As such, the threat model covers what Fxfs directly has access to:

Fxfs can read and write data file contents arbitrarily. This could result in leaking sensitive information of user data, or possibly exploiting bugs in other components which do not validate their stored data.
Fxfs can delete blob contents, which would be a denial-of-service for other components.
Fxfs can prevent system updates by rejecting blob writes.
Fxfs can interact with block device drivers and could potentially exploit vulnerabilities there to gain access to whatever capabilities the drivers have which Fxfs does not.

Privacy considerations

N/A.

Testing

We have implemented a prototype of this proposal which can boot Fuchsia and perform all the usual system functions. This prototype is enabled on a builder in CQ which runs the regular system test suite, ensuring that we have realistic usage and coverage of the prototype.

Eventually we will expand this to be used in more contexts (for example, enabling on a specific product, which will result in organic usage from developers and greater usage in CQ/CI). Extensive soak time is expected before we use this architecture on any user devices.

The usual testing pyramid of unit tests, integration tests, and e2e tests have also been added for relevant features. We have also implemented automated benchmarks to track the performance of reading and writing from Fxblob, comparing it to blobfs' performance.

Documentation

Some storage documentation will need to be updated as part of this proposal. For example, the Filesystem Architecture document should be updated.

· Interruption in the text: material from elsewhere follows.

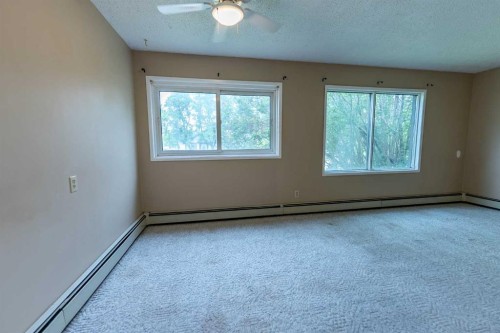 4904 51 Avenue, Eckville, AB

Drawbacks, alternatives, and unknowns

Drawback: Risk of bricking devices

With the legacy architecture, bugs in minfs only affect minfs -- the system remains in a functional state even if the data partition is reset, since the important parts of the system (binaries, libraries, config, etc) are stored in blobfs.

Combining blobs and data into a single filesystem means that bugs in Fxfs could potentially brick devices, so the same safety net does not exist here.

We believe that Fxfs is robust enough to serve as a critical piece of Fuchsia's infrastructure, having been extensively tested and used since 2021. The probability of filesystem corruptions is low.

If corruptions do happen, the best course of action is similar to what other operating systems do: provide a recovery path which can be used to restore the device to a functional state. The ability to perform an OTA from recovery (fxrev.dev/563864) would be one way to get out of this, which the authors support (due to it providing an opportunity to repair devices from a wider range of issues).

Note that this is not a unique risk for Fuchsia -- most other operating systems have a single global filesystem that stores all data, essential or not.

Alternative: Relying on zx::streams for faster blob writes

The custom write API created for Fxblob shares some similarity with zx::streams, which use a VMO as a shared data buffer and use page faults as a control mechanism. However, streams are designed to accommodate a much broader use case (general file I/O), and come with more baggage -- content size tracking, page fault overhead, less batching of I/O (since the faults are page-granularity). A purpose-built API can be simpler and more performant.

Blob write performance is important enough (since it is a key bottleneck for system OTAs and installing large packages), and has enough specific constraints compared to general file I/O, that we decided a custom interface was worth the effort. Our promising performance results have validated this effort.

Prior art and references

Arguably, this proposal brings Fuchsia closer towards the majority of operating systems which use general-purpose filesystems for a wider range of purposes, and provide specialized functionality such as content addressability and verification using other mechanisms. While we are adding some special functionality to Fxfs for this proposal, the majority of that work occurs in the outer layers of Fxfs; the core filesystem is unchanged.

For example, on Linux, a general-purpose filesystem can be combined with dm-verity or fs-verity to provide content verification (of the image, and of specific files, respectively).